Your assignment
The answer must be every line below that holds the word "More".

****************

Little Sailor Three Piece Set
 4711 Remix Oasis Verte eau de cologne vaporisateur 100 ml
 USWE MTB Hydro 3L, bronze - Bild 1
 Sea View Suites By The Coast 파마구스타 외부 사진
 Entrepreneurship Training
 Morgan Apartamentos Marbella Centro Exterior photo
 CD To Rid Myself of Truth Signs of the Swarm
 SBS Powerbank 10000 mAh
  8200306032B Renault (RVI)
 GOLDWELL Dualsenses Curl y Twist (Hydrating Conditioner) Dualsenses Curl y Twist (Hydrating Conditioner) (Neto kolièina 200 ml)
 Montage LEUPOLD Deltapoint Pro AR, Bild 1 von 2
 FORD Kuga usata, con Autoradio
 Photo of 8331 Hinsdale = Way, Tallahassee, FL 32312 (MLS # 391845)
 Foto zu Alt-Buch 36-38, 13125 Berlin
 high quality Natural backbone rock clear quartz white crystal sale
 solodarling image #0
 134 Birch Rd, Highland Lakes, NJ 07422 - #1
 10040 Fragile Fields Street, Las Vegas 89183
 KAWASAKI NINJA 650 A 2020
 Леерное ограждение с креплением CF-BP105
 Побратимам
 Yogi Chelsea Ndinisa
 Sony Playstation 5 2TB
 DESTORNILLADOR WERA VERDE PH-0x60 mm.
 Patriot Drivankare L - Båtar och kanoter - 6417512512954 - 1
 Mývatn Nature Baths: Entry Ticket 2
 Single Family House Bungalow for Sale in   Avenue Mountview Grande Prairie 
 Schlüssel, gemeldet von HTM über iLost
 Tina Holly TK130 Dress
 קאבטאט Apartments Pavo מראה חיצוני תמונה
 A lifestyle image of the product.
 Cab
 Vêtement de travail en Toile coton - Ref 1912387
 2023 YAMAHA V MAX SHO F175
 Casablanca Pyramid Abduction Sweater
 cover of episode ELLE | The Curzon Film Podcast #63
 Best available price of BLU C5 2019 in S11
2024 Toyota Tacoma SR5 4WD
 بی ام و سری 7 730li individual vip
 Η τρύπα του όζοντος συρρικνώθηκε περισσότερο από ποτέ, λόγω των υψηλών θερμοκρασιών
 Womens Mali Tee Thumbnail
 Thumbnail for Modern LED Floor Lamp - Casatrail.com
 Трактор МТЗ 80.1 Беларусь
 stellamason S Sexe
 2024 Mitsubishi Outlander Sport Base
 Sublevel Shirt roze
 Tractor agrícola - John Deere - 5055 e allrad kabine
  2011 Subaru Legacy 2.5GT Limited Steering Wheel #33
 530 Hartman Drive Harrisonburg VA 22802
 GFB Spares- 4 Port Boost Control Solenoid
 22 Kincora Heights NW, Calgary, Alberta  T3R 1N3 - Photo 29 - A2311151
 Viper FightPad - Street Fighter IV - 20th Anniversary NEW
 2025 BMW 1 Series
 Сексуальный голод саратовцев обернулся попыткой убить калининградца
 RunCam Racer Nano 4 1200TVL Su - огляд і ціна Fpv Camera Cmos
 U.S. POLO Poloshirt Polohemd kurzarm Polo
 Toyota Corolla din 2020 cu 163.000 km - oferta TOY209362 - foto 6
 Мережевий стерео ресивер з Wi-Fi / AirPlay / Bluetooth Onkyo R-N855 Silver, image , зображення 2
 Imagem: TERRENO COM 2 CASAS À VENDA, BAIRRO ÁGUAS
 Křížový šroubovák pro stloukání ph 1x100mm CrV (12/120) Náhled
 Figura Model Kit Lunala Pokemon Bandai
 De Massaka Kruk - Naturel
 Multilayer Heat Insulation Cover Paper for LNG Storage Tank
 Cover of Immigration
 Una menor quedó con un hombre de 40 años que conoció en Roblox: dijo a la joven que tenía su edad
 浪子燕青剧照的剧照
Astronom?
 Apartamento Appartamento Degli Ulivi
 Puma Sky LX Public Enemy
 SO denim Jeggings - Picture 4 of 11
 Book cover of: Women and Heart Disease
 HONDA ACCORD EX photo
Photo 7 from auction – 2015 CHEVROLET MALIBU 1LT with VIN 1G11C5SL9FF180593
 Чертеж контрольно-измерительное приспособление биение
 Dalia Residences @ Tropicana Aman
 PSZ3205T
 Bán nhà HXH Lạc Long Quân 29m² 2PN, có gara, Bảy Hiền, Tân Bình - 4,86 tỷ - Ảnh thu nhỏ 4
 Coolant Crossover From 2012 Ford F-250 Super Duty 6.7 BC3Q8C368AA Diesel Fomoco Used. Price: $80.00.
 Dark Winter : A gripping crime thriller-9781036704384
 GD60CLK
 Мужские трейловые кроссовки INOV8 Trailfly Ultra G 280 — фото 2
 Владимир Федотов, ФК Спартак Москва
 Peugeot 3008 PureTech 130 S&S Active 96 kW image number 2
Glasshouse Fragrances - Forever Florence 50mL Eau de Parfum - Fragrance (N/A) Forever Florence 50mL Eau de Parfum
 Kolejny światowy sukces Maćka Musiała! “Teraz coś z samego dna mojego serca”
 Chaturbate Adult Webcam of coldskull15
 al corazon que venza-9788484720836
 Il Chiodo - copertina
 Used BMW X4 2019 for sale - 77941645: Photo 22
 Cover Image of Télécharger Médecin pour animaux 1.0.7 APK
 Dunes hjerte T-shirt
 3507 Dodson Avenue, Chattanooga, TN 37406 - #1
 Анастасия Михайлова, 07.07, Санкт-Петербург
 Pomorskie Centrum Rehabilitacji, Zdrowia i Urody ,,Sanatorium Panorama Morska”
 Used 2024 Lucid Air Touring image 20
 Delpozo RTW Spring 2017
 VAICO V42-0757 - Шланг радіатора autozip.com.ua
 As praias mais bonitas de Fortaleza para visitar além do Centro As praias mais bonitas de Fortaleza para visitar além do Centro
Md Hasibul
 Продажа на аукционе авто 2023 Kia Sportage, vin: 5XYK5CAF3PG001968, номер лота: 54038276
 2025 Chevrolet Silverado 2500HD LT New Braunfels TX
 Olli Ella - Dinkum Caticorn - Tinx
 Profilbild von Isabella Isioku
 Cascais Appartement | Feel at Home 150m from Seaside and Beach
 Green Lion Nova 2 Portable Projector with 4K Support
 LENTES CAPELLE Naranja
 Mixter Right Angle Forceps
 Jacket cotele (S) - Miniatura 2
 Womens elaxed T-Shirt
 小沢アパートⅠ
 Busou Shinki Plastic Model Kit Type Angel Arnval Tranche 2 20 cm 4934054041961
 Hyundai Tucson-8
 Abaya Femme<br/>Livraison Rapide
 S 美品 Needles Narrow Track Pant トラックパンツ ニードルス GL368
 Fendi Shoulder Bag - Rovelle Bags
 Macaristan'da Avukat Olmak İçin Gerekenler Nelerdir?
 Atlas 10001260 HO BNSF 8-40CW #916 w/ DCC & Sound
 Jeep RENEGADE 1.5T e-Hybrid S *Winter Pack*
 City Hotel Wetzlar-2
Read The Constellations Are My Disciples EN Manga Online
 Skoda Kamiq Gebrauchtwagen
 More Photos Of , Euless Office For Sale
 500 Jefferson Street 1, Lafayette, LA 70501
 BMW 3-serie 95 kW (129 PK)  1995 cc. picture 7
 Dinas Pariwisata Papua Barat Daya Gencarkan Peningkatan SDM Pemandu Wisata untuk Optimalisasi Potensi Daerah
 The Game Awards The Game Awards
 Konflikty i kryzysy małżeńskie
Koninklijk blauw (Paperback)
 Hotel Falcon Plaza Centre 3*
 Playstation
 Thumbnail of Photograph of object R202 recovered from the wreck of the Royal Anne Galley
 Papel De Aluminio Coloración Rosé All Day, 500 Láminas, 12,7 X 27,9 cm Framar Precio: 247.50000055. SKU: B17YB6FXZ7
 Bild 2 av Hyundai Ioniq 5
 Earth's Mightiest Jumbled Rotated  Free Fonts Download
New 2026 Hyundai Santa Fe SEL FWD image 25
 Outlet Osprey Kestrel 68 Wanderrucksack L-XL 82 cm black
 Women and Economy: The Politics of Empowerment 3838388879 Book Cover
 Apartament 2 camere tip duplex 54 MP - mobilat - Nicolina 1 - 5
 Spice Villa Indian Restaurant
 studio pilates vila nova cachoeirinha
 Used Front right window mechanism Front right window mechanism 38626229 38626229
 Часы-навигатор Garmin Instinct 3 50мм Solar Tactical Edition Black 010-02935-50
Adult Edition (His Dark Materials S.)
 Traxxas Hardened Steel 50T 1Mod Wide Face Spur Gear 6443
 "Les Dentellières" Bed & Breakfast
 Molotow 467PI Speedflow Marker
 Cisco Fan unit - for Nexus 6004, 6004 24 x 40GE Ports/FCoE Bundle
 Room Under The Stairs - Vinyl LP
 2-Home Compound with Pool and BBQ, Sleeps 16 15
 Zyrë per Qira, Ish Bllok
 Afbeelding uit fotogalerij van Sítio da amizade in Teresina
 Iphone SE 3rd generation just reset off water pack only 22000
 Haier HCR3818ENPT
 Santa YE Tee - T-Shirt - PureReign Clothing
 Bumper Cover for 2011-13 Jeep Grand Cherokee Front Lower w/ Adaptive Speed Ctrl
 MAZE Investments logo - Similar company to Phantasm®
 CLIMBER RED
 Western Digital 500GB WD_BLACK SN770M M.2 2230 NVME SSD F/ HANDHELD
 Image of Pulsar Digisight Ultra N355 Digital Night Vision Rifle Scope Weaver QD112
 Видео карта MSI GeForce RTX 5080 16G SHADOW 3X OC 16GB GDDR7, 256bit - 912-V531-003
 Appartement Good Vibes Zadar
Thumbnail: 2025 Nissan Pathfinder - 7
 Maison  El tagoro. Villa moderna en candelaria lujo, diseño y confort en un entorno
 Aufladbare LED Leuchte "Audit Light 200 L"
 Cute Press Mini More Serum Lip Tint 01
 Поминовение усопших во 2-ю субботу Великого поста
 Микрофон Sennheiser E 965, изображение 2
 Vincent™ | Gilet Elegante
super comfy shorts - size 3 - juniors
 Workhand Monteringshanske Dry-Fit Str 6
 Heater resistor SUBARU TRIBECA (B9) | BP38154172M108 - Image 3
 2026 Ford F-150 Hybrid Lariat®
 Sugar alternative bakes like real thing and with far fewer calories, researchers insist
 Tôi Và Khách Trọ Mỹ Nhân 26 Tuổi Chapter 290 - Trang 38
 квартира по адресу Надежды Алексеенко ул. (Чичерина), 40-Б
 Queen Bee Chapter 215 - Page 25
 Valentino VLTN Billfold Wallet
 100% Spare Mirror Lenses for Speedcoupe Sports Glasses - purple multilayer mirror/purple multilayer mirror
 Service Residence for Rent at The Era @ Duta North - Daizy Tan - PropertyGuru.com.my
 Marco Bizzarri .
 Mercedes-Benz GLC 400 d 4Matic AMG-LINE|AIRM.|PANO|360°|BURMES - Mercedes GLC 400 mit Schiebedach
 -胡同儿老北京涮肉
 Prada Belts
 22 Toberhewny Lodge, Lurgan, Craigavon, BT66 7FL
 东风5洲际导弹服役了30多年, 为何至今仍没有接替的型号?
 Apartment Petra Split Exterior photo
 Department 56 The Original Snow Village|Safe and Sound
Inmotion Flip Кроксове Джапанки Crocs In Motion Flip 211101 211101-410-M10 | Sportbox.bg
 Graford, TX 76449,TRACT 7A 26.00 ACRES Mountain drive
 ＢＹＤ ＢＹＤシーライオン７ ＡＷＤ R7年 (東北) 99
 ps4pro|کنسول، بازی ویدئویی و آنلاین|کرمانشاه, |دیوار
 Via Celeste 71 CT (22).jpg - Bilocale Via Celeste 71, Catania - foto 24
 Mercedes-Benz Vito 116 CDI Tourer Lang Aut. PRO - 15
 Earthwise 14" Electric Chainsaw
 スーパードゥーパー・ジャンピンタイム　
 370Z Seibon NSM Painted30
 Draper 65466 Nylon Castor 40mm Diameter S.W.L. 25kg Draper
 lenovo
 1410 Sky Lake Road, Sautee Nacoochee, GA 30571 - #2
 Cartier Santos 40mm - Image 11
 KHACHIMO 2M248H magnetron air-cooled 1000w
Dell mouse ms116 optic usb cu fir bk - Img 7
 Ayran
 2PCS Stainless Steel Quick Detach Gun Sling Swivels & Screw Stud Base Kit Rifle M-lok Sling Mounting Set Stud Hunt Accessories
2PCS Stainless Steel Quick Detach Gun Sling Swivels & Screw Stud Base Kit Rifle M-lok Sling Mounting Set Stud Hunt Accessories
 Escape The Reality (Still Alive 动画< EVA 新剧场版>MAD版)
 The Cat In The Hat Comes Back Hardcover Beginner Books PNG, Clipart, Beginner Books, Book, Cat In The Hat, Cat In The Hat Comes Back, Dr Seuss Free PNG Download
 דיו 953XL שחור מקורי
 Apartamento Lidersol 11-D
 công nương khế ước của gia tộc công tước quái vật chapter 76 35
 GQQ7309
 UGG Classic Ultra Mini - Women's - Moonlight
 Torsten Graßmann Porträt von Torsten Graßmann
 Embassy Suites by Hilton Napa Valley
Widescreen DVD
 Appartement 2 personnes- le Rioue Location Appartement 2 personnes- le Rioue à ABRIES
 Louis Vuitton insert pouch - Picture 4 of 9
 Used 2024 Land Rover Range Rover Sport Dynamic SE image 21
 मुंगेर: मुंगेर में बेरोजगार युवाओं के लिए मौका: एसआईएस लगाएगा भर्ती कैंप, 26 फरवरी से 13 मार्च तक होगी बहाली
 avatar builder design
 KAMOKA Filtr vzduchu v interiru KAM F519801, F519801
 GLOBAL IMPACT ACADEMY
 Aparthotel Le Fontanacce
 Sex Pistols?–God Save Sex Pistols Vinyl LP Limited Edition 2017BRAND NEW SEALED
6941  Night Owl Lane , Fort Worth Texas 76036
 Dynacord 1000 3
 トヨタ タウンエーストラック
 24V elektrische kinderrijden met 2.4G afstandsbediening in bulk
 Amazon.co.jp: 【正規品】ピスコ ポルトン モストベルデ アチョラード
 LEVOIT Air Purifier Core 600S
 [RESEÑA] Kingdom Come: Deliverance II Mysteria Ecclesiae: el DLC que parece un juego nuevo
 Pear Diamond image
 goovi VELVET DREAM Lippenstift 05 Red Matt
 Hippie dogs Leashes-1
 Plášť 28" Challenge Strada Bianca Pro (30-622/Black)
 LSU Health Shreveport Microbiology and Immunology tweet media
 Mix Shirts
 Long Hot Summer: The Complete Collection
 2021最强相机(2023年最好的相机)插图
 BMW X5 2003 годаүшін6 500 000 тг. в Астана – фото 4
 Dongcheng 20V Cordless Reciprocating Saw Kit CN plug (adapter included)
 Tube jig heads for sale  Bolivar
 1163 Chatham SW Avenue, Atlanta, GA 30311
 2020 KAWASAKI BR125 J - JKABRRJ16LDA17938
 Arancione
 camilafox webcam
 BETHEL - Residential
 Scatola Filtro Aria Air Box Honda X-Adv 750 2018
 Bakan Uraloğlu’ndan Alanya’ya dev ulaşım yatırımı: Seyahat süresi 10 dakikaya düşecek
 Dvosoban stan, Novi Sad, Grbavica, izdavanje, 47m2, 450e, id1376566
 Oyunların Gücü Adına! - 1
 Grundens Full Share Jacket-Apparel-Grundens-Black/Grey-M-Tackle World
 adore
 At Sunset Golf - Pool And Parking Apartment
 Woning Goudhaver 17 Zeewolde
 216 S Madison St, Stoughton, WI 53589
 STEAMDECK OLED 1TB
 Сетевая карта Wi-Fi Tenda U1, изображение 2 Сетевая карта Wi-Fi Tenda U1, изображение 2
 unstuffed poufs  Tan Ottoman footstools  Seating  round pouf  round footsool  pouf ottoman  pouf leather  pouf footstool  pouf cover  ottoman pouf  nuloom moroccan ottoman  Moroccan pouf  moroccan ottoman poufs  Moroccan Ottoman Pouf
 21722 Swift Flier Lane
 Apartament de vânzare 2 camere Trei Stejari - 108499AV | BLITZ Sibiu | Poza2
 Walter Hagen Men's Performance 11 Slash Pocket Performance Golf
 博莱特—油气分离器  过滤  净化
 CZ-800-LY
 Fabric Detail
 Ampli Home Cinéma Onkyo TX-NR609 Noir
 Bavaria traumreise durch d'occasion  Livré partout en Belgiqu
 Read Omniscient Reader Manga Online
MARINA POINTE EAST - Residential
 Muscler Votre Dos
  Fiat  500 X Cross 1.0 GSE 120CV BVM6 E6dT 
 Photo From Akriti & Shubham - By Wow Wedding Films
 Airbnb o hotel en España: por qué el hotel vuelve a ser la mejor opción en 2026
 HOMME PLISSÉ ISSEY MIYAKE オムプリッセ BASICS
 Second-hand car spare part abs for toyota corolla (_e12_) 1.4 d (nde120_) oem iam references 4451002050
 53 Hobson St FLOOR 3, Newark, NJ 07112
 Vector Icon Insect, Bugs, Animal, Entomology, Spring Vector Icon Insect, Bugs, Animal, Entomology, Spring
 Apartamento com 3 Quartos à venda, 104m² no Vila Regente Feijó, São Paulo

****************

Task response
 More Photos Of , Euless Office For Sale
 Cute Press Mini More Serum Lip Tint 01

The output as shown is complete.